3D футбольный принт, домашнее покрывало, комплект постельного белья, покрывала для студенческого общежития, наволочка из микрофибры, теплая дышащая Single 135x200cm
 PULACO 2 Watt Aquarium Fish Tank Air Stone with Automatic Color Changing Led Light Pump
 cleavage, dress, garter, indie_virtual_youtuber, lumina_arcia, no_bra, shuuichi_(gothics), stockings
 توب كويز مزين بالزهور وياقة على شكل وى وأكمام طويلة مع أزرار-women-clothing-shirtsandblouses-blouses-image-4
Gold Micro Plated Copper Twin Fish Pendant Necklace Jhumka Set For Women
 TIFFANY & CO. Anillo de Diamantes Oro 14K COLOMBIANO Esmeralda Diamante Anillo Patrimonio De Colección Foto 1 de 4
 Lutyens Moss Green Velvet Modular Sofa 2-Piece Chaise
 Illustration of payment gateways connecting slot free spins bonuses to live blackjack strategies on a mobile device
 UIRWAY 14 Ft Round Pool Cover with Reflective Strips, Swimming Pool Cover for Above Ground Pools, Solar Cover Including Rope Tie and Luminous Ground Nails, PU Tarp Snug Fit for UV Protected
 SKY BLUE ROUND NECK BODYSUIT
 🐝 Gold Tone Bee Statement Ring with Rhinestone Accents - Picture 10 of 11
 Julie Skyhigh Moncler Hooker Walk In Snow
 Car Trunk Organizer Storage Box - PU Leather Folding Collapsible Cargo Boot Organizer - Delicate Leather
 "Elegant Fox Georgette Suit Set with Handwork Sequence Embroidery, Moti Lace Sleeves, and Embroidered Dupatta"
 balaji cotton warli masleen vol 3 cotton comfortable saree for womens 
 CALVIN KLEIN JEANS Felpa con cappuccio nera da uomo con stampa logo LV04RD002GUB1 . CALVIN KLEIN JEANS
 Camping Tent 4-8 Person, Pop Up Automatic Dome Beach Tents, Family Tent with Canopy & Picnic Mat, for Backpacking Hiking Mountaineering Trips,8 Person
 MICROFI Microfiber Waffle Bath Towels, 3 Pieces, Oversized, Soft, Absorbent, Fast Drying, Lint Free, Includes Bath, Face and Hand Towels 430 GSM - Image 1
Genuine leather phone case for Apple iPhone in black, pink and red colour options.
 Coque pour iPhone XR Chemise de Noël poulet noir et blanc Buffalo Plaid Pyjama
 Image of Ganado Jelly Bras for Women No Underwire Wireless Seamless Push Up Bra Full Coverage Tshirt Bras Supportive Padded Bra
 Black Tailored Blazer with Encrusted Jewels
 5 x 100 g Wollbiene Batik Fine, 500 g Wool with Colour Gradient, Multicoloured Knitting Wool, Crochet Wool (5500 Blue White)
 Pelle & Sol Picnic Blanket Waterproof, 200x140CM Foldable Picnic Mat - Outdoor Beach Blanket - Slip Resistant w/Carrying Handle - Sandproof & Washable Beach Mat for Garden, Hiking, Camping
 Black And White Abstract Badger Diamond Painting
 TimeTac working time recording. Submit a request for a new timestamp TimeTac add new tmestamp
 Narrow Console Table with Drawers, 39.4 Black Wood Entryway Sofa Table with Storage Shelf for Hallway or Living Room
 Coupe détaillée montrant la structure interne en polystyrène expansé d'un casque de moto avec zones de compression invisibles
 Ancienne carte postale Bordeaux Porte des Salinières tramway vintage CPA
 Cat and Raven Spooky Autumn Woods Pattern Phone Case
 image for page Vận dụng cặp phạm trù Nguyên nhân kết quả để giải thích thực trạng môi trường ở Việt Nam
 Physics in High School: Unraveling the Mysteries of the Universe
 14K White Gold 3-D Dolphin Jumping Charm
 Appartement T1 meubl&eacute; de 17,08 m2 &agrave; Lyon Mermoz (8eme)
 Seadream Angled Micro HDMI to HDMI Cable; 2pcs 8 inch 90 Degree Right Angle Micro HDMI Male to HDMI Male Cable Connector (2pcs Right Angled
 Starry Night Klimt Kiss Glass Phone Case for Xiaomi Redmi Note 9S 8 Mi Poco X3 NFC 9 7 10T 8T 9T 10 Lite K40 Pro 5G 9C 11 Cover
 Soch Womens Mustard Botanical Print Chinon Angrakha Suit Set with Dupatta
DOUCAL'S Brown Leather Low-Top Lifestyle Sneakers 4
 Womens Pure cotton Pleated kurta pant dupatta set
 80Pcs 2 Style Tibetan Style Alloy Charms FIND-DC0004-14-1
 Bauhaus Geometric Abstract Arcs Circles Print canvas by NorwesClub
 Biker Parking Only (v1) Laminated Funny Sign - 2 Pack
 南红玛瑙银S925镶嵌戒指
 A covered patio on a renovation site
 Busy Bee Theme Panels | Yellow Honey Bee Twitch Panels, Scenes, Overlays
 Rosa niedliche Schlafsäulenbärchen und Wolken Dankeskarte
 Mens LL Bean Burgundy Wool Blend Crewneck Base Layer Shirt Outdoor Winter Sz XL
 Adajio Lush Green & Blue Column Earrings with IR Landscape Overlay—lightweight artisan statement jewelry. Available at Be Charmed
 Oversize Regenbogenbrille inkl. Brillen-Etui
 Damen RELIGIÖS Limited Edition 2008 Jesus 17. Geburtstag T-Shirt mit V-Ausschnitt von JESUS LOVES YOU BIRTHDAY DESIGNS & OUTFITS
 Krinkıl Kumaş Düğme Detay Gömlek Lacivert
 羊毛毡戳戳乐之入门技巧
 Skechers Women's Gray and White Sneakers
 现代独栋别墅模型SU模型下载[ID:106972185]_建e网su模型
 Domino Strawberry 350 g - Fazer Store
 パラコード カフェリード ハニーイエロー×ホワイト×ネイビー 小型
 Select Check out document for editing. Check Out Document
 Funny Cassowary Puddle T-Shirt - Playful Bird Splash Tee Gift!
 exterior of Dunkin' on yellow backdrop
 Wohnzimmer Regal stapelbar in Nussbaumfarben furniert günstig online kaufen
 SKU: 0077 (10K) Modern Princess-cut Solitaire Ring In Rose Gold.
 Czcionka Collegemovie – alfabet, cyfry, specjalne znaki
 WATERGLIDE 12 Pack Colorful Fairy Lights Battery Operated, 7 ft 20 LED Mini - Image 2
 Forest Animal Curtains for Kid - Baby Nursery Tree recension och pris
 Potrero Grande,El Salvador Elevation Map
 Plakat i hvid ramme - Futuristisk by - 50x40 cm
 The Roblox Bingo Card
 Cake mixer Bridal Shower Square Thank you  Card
* * *
• Problem:
Line by line, reproduce the data exactly as given.

• Result of the task:
3D футбольный принт, домашнее покрывало, комплект постельного белья, покрывала для студенческого общежития, наволочка из микрофибры, теплая дышащая Single 135x200cm
 PULACO 2 Watt Aquarium Fish Tank Air Stone with Automatic Color Changing Led Light Pump
 cleavage, dress, garter, indie_virtual_youtuber, lumina_arcia, no_bra, shuuichi_(gothics), stockings
 توب كويز مزين بالزهور وياقة على شكل وى وأكمام طويلة مع أزرار-women-clothing-shirtsandblouses-blouses-image-4
Gold Micro Plated Copper Twin Fish Pendant Necklace Jhumka Set For Women
 TIFFANY & CO. Anillo de Diamantes Oro 14K COLOMBIANO Esmeralda Diamante Anillo Patrimonio De Colección Foto 1 de 4
 Lutyens Moss Green Velvet Modular Sofa 2-Piece Chaise
 Illustration of payment gateways connecting slot free spins bonuses to live blackjack strategies on a mobile device
 UIRWAY 14 Ft Round Pool Cover with Reflective Strips, Swimming Pool Cover for Above Ground Pools, Solar Cover Including Rope Tie and Luminous Ground Nails, PU Tarp Snug Fit for UV Protected
 SKY BLUE ROUND NECK BODYSUIT
 🐝 Gold Tone Bee Statement Ring with Rhinestone Accents - Picture 10 of 11
 Julie Skyhigh Moncler Hooker Walk In Snow
 Car Trunk Organizer Storage Box - PU Leather Folding Collapsible Cargo Boot Organizer - Delicate Leather
 "Elegant Fox Georgette Suit Set with Handwork Sequence Embroidery, Moti Lace Sleeves, and Embroidered Dupatta"
 balaji cotton warli masleen vol 3 cotton comfortable saree for womens 
 CALVIN KLEIN JEANS Felpa con cappuccio nera da uomo con stampa logo LV04RD002GUB1 . CALVIN KLEIN JEANS
 Camping Tent 4-8 Person, Pop Up Automatic Dome Beach Tents, Family Tent with Canopy & Picnic Mat, for Backpacking Hiking Mountaineering Trips,8 Person
 MICROFI Microfiber Waffle Bath Towels, 3 Pieces, Oversized, Soft, Absorbent, Fast Drying, Lint Free, Includes Bath, Face and Hand Towels 430 GSM - Image 1
Genuine leather phone case for Apple iPhone in black, pink and red colour options.
 Coque pour iPhone XR Chemise de Noël poulet noir et blanc Buffalo Plaid Pyjama
 Image of Ganado Jelly Bras for Women No Underwire Wireless Seamless Push Up Bra Full Coverage Tshirt Bras Supportive Padded Bra
 Black Tailored Blazer with Encrusted Jewels
 5 x 100 g Wollbiene Batik Fine, 500 g Wool with Colour Gradient, Multicoloured Knitting Wool, Crochet Wool (5500 Blue White)
 Pelle & Sol Picnic Blanket Waterproof, 200x140CM Foldable Picnic Mat - Outdoor Beach Blanket - Slip Resistant w/Carrying Handle - Sandproof & Washable Beach Mat for Garden, Hiking, Camping
 Black And White Abstract Badger Diamond Painting
 TimeTac working time recording. Submit a request for a new timestamp TimeTac add new tmestamp
 Narrow Console Table with Drawers, 39.4 Black Wood Entryway Sofa Table with Storage Shelf for Hallway or Living Room
 Coupe détaillée montrant la structure interne en polystyrène expansé d'un casque de moto avec zones de compression invisibles
 Ancienne carte postale Bordeaux Porte des Salinières tramway vintage CPA
 Cat and Raven Spooky Autumn Woods Pattern Phone Case
 image for page Vận dụng cặp phạm trù Nguyên nhân kết quả để giải thích thực trạng môi trường ở Việt Nam
 Physics in High School: Unraveling the Mysteries of the Universe
 14K White Gold 3-D Dolphin Jumping Charm
 Appartement T1 meubl&eacute; de 17,08 m2 &agrave; Lyon Mermoz (8eme)
 Seadream Angled Micro HDMI to HDMI Cable; 2pcs 8 inch 90 Degree Right Angle Micro HDMI Male to HDMI Male Cable Connector (2pcs Right Angled
 Starry Night Klimt Kiss Glass Phone Case for Xiaomi Redmi Note 9S 8 Mi Poco X3 NFC 9 7 10T 8T 9T 10 Lite K40 Pro 5G 9C 11 Cover
 Soch Womens Mustard Botanical Print Chinon Angrakha Suit Set with Dupatta
DOUCAL'S Brown Leather Low-Top Lifestyle Sneakers 4
 Womens Pure cotton Pleated kurta pant dupatta set
 80Pcs 2 Style Tibetan Style Alloy Charms FIND-DC0004-14-1
 Bauhaus Geometric Abstract Arcs Circles Print canvas by NorwesClub
 Biker Parking Only (v1) Laminated Funny Sign - 2 Pack
 南红玛瑙银S925镶嵌戒指
 A covered patio on a renovation site
 Busy Bee Theme Panels | Yellow Honey Bee Twitch Panels, Scenes, Overlays
 Rosa niedliche Schlafsäulenbärchen und Wolken Dankeskarte
 Mens LL Bean Burgundy Wool Blend Crewneck Base Layer Shirt Outdoor Winter Sz XL
 Adajio Lush Green & Blue Column Earrings with IR Landscape Overlay—lightweight artisan statement jewelry. Available at Be Charmed
 Oversize Regenbogenbrille inkl. Brillen-Etui
 Damen RELIGIÖS Limited Edition 2008 Jesus 17. Geburtstag T-Shirt mit V-Ausschnitt von JESUS LOVES YOU BIRTHDAY DESIGNS & OUTFITS
 Krinkıl Kumaş Düğme Detay Gömlek Lacivert
 羊毛毡戳戳乐之入门技巧
 Skechers Women's Gray and White Sneakers
 现代独栋别墅模型SU模型下载[ID:106972185]_建e网su模型
 Domino Strawberry 350 g - Fazer Store
 パラコード カフェリード ハニーイエロー×ホワイト×ネイビー 小型
 Select Check out document for editing. Check Out Document
 Funny Cassowary Puddle T-Shirt - Playful Bird Splash Tee Gift!
 exterior of Dunkin' on yellow backdrop
 Wohnzimmer Regal stapelbar in Nussbaumfarben furniert günstig online kaufen
 SKU: 0077 (10K) Modern Princess-cut Solitaire Ring In Rose Gold.
 Czcionka Collegemovie – alfabet, cyfry, specjalne znaki
 WATERGLIDE 12 Pack Colorful Fairy Lights Battery Operated, 7 ft 20 LED Mini - Image 2
 Forest Animal Curtains for Kid - Baby Nursery Tree recension och pris
 Potrero Grande,El Salvador Elevation Map
 Plakat i hvid ramme - Futuristisk by - 50x40 cm
 The Roblox Bingo Card
 Cake mixer Bridal Shower Square Thank you  Card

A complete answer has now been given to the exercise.